Gli investimenti intanto devono essere europei, affinché nello scontro interno all’Unione non passi nuovamente il fatto, come per la crisi energetica, che investe e innova solo chi ha lo spazio fiscale per farlo, lasciando indietro gli altri Paesi. Serve un modello come quello affermato con il Next Generation Eu, servono la pianificazione condivisa degli investimenti, l’introduzione di una moratoria sui licenziamenti e quindi la creazione di un nuovo fondo Sure che protegga l’occupazione durante la transizione, per far sì che si possa mantenere la capacità produttiva installata durante la transizione. Serve, inoltre, un intervento straordinario per la formazione delle lavoratrici e dei lavoratori.

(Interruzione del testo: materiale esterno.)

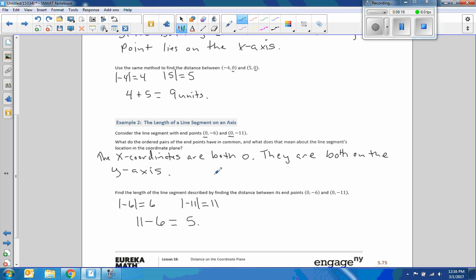So the rule is: if we're on opposite sides of zero — one negative and one positive — we take the absolute values and add. And if we're on the same side of zero — both negative or both positive — we take the absolute values and subtract.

Quali sono i settori in cui è più urgente intervenire?

Il tema delle transizioni attraversa tutti i settori dell’industria nel suo complesso. È però evidente - ed è sul tavolo di von der Leyen e anche per questo saremo in piazza il 5 febbraio - che l’automotive sia uno dei settori più esposti, che attende misure, conferme dei piani di transizione e investimenti, socialmente condizionati. Altrettanto evidente è l’impatto della crisi del costo dell’energia, cui bisogna dare risposte e misure coordinate. La siderurgia, tra i settori impattati, è cruciale se vogliamo supportare la crescita dell’industria europea: non esistono cantieristica navale, pale eoliche, auto, elettrodomestici se non produciamo acciaio e se non c’è in Europa un’autonomia strategica che vada dai metalli di base ai componenti strategici come i chip.

I dati Inps divulgati a fine gennaio segnalano il netto aumento nel 2024, rispetto al 2023, sia della cassa integrazione (+20%) sia delle domande di disoccupazione (+6,1%). Quali misure dovrebbero prendere i governi italiano ed europeo per invertire questa tendenza?

È importante ribadire che non abbiamo solo ed esclusivamente bisogno di invertire il trend, abbiamo la necessità di sviluppare impiego di qualità, e per qualità intendiamo occupazione stabile e ben retribuita. Questo è un compito in primis tutto italiano, dove da decenni ci spiegano che precarizzare il mondo del lavoro serve ad attrarre investimenti, mentre invece è servito solo a perdere competenze e rendere ricattabili le lavoratrici e i lavoratori nella messa in concorrenza costante sul piano nazionale, europeo e internazionale, dove sembra che ogni stabilimento sia in guerra con quello accanto per mantenere l’occupazione. Noi crediamo che la competizione, soprattutto sul piano internazionale, la si faccia sulla capacità di innovazione, e su quella i privati da soli non bastano.

Cosa serve, allora?

Occorrono programmazione e chiarezza sugli investimenti e servono investimenti pubblici condizionati al mantenimento dell’occupazione. Mentre rivendichiamo un fondo straordinario per gli investimenti su modello del Pnrr, siamo chiari sul fatto che, ad esempio, la transizione strategica del settore automotive non può essere affrontata se si tagliano i già inadeguati fondi per la transizione del settore. Chiediamo altresì che venga rifinanziato il fondo Sure per sostenere l’occupazione, nello stesso tempo è evidente che sul piano nazionale non sia più rinviabile la riforma degli ammortizzatori sociali per garantire l’occupazione accompagnata da strumenti utili per la formazione, il blocco dei licenziamenti e la valorizzazione delle lavoratrici e dei lavoratori che devono essere messi al centro dell’industria.